Survival is a style.
The first sentence covers most of the poem, bleeding into the second as the speaker describes a man and a woman, a kind of Adam and Eve. Wiman describes their clothing: one in cargo pants and the other in a camouflage jog bra, as if both vaguely exist in some combat diorama. The man and woman both wear “survival gear.” Survival as a style isn’t metaphorical here. The poem marries that which is temporal and moves fast and an instinct to be stationary, humorously actualized in a “jog bra.” A harness that seeks to contain what is soft and fluid, perhaps this image bares relevance to thoughts of survival as a style? Yin and yang, the two stanzas circle us like juggler’s balls. For a poem that oddly opens, “There are no knives,” we do not expect it to end “survival is a style.” Surprise is the main spring of every poem: no surprise, no poem. Why are there no knives? Why would there be knives in the first place? For self-protection? Or the man described with “no flares, no smoke, no unmetaphorical fire.” Why that clunky awkward “unmetaphorical”? Perhaps the tricks of metaphor such as irony and smoke of artifice have no place in the poetic scene Wiman establishes. He wants a starker sense of verse which makes the description of the clothing all the more ridiculous. Bared humanity we all recognize will survive.
From this scene the book swerves and springs off in various directions where we decidedly end in a lingering feeling of gratitude: for a youth learning to drive who sees briefly in the distance a “white-bloused girl wading cotton north of Dunn” and then a later scene of the speaker with his family petting a strange dwarfed cow:
We gave her ¾ if you can believe it ¾ grapes
Left over from one daughter’s lunch,
And when they were gone, and we were almost,
Her moo blued the air like a sorrow
So absurd it left nothing left of us
The book mines unexplainable joy at being alive; derived from the heady cool world of Yale, the poems bump up against our author’s heart. In “Fifty,” an age the author has now passed, Wiman writes:
I have two daughters and one cloud, an old oak
and a great love, elected solitude, given sun.
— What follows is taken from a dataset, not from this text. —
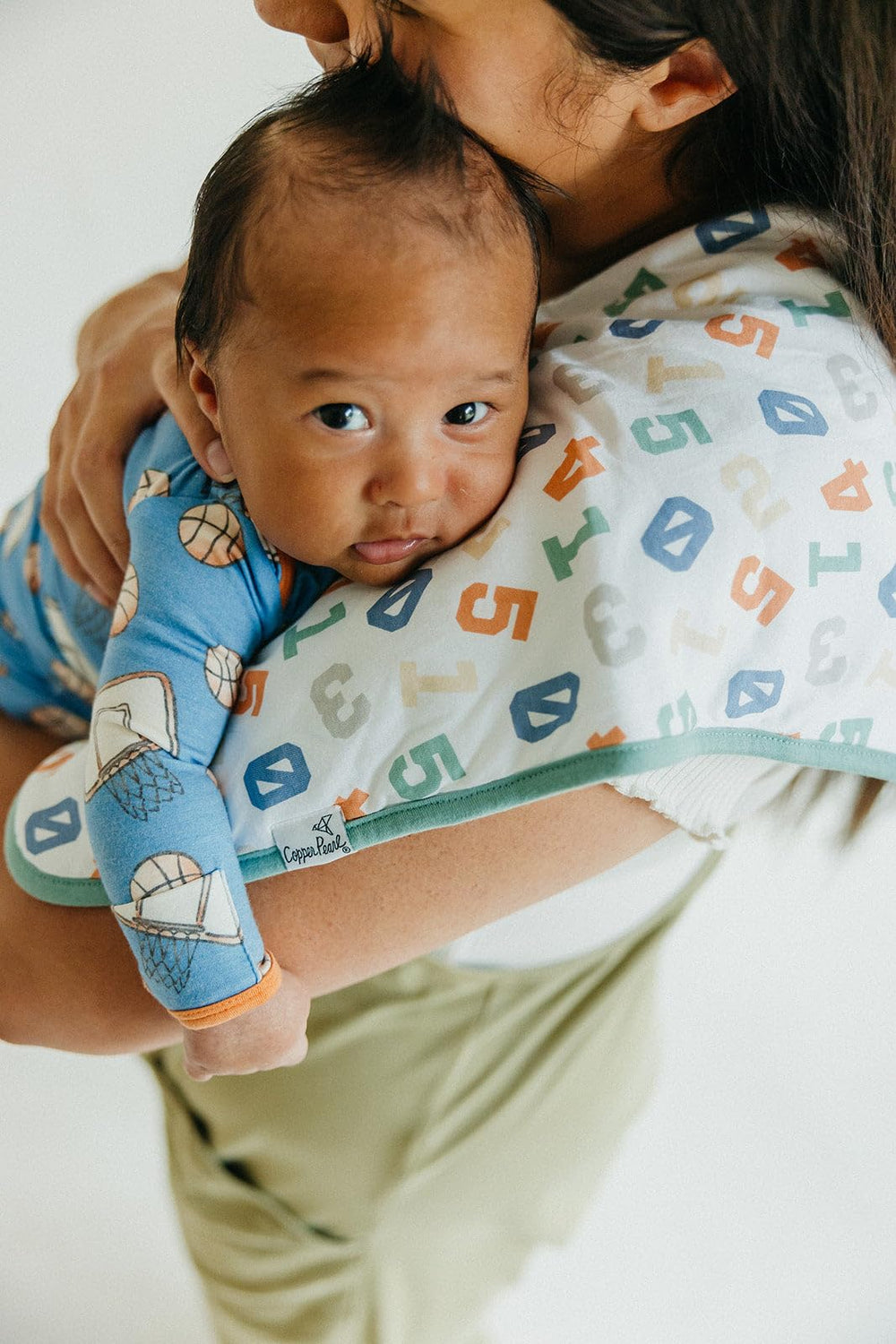 Copper Pearl large burp cloths provide extra shoulder coverage for mess-prone feedings.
There never was a now this golden one.
The poet dwells in the world with a life in the present “now.” The poem, “After A Lecture with My Love,” closes:
To speak a thing one can’t conceive.
To live in the instant before the instant is.
To feel infinities going dark for this one light along your thigh.
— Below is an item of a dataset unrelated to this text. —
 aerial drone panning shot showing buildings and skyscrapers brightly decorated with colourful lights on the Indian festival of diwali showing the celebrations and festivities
These grammatical fragments track the experience of human oddity: standing on a spinning planet being in love and alive. The speaker and the author feel quite close to one another but not in a way that demands biographical detail. In Wiman’s first collection of poems, The Long Home, published in 1997 when Wiman was thirty-one, he wrote presciently of a man standing in front of the reader, beginning a style characterized by survival:
A man could suddenly want his life
Feel it blaze in him and mean,
As for a moment I believed
Before I walked on.
This early poem predicts concerns of a man who wants life burned into him with a moment of belief. Little did Wiman know what was coming. Here, in Wiman’s latest collection, where survival is a style, the biography of one’s maker somehow does not compete with the verse: gratitude changes the atmosphere doesn’t it? This is not Russian roulette. This is running the race.